┌────────
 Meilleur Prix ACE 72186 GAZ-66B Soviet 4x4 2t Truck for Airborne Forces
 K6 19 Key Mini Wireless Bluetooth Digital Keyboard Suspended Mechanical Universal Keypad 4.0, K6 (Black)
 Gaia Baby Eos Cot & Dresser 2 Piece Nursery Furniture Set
└────────
┌────────
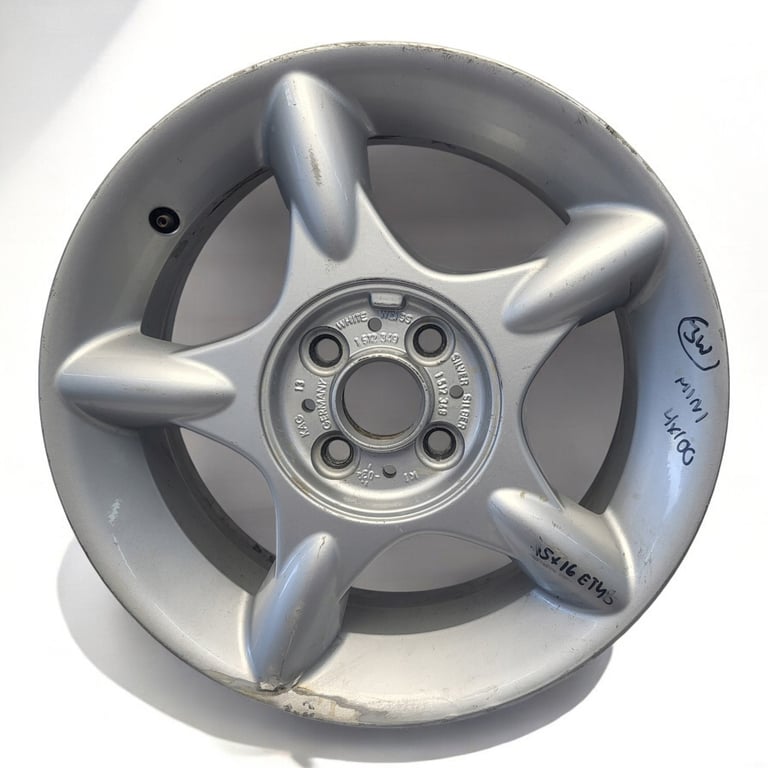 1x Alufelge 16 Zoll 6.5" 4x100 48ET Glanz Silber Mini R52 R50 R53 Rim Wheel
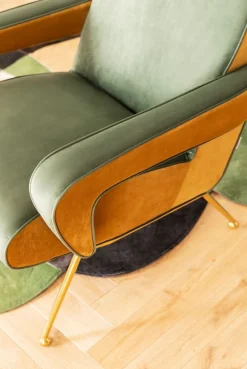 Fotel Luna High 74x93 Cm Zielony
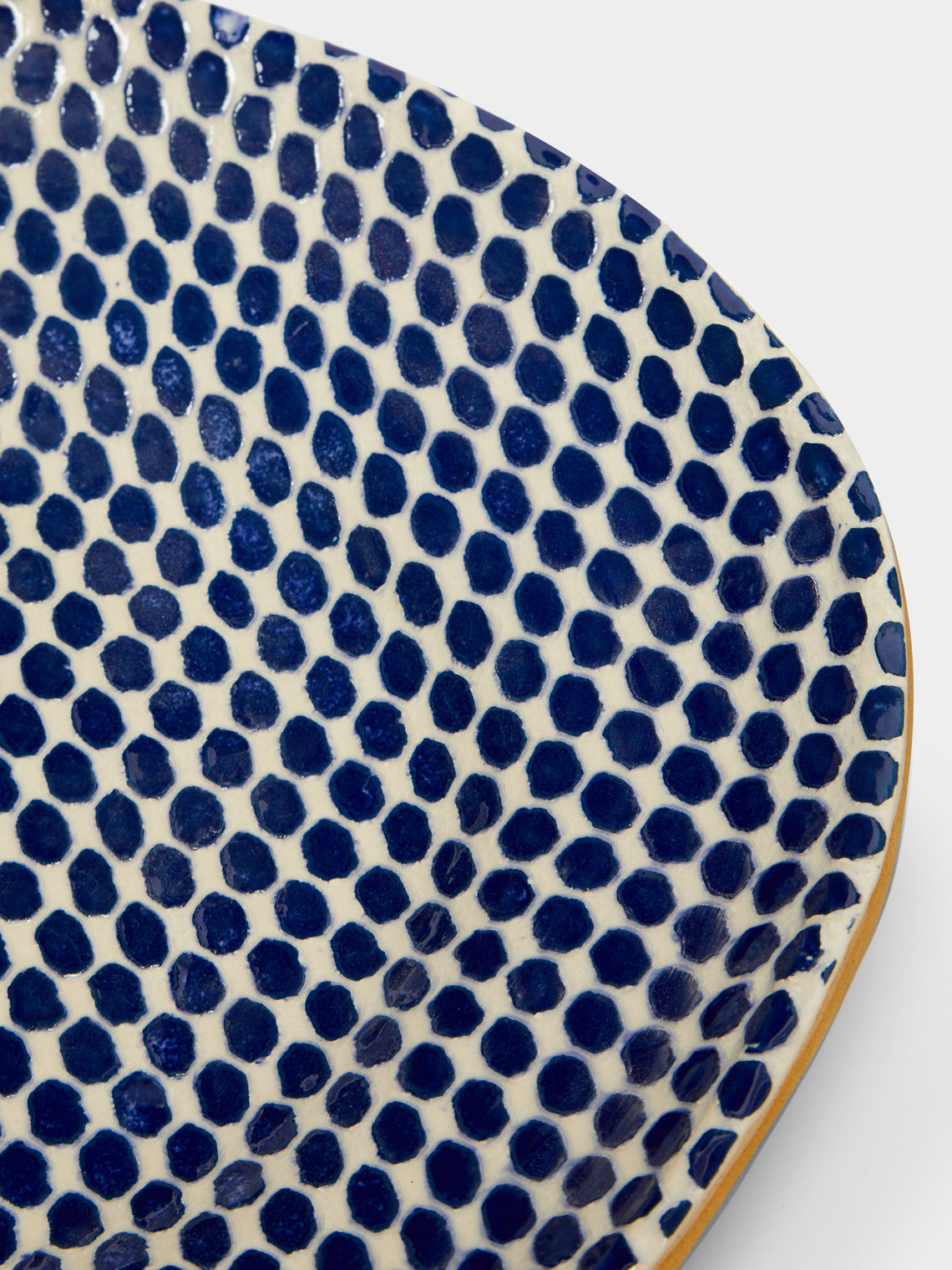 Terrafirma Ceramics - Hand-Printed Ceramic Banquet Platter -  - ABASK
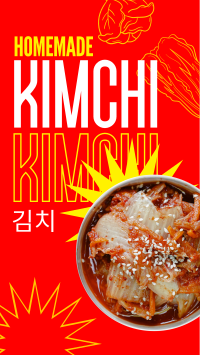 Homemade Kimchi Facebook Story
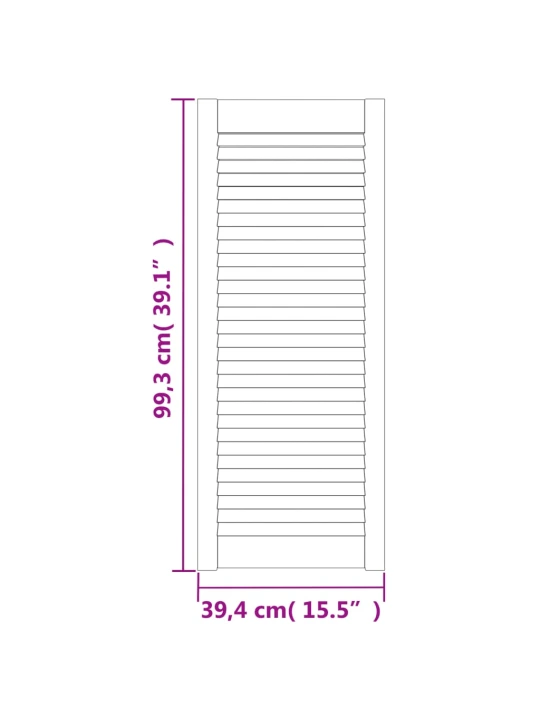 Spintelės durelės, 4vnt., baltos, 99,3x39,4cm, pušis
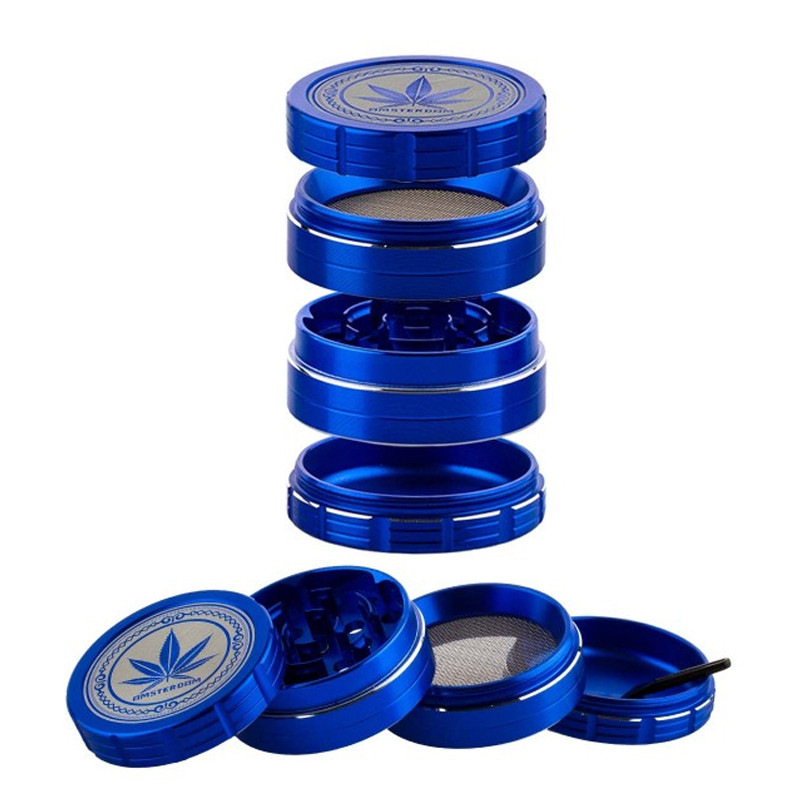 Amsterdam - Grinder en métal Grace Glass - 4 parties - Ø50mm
└────────
= HOW TO COMPLETE THIS TASK =
Print exactly the lines above that run from the one with "1x Alufelge 16" down to the one with "Amsterdam - Grinder", and omit the pictures.

= WRITTEN REPLY =
 1x Alufelge 16 Zoll 6.5" 4x100 48ET Glanz Silber Mini R52 R50 R53 Rim Wheel
 Fotel Luna High 74x93 Cm Zielony
 Terrafirma Ceramics - Hand-Printed Ceramic Banquet Platter -  - ABASK
 Homemade Kimchi Facebook Story
 Spintelės durelės, 4vnt., baltos, 99,3x39,4cm, pušis
 Amsterdam - Grinder en métal Grace Glass - 4 parties - Ø50mm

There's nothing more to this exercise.